ASSIGNMENT: Copy exactly the lines of the material below that run from the one containing "Stop Staring At" through the one containing "development. Even the". Copy no other lines.

---

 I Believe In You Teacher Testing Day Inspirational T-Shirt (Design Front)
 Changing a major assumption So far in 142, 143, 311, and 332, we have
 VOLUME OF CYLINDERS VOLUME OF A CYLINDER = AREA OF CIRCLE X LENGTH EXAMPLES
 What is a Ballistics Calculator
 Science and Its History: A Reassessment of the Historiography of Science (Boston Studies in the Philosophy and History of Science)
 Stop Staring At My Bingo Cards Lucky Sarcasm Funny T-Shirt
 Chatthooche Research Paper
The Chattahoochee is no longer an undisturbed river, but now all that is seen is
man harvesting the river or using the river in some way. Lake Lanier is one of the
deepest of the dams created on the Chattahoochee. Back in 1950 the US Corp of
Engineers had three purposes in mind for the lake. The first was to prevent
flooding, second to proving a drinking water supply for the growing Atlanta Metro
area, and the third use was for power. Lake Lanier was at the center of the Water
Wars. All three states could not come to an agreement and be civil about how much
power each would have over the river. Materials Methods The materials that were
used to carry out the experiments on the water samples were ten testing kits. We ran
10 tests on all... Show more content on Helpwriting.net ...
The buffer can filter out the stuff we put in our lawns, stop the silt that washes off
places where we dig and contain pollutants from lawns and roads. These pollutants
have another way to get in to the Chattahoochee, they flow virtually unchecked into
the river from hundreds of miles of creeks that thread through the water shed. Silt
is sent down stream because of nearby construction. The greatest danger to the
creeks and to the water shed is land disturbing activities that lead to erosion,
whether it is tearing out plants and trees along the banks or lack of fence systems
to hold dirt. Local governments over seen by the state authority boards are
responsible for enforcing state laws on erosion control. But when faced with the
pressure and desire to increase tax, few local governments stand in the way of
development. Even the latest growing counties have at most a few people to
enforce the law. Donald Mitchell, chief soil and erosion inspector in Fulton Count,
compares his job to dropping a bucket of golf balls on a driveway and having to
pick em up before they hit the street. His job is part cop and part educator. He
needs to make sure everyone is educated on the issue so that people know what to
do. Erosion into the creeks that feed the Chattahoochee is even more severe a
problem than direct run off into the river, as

---

ANSWER FOR THE TASK:
 Stop Staring At My Bingo Cards Lucky Sarcasm Funny T-Shirt
 Chatthooche Research Paper
The Chattahoochee is no longer an undisturbed river, but now all that is seen is
man harvesting the river or using the river in some way. Lake Lanier is one of the
deepest of the dams created on the Chattahoochee. Back in 1950 the US Corp of
Engineers had three purposes in mind for the lake. The first was to prevent
flooding, second to proving a drinking water supply for the growing Atlanta Metro
area, and the third use was for power. Lake Lanier was at the center of the Water
Wars. All three states could not come to an agreement and be civil about how much
power each would have over the river. Materials Methods The materials that were
used to carry out the experiments on the water samples were ten testing kits. We ran
10 tests on all... Show more content on Helpwriting.net ...
The buffer can filter out the stuff we put in our lawns, stop the silt that washes off
places where we dig and contain pollutants from lawns and roads. These pollutants
have another way to get in to the Chattahoochee, they flow virtually unchecked into
the river from hundreds of miles of creeks that thread through the water shed. Silt
is sent down stream because of nearby construction. The greatest danger to the
creeks and to the water shed is land disturbing activities that lead to erosion,
whether it is tearing out plants and trees along the banks or lack of fence systems
to hold dirt. Local governments over seen by the state authority boards are
responsible for enforcing state laws on erosion control. But when faced with the
pressure and desire to increase tax, few local governments stand in the way of
development. Even the latest growing counties have at most a few people to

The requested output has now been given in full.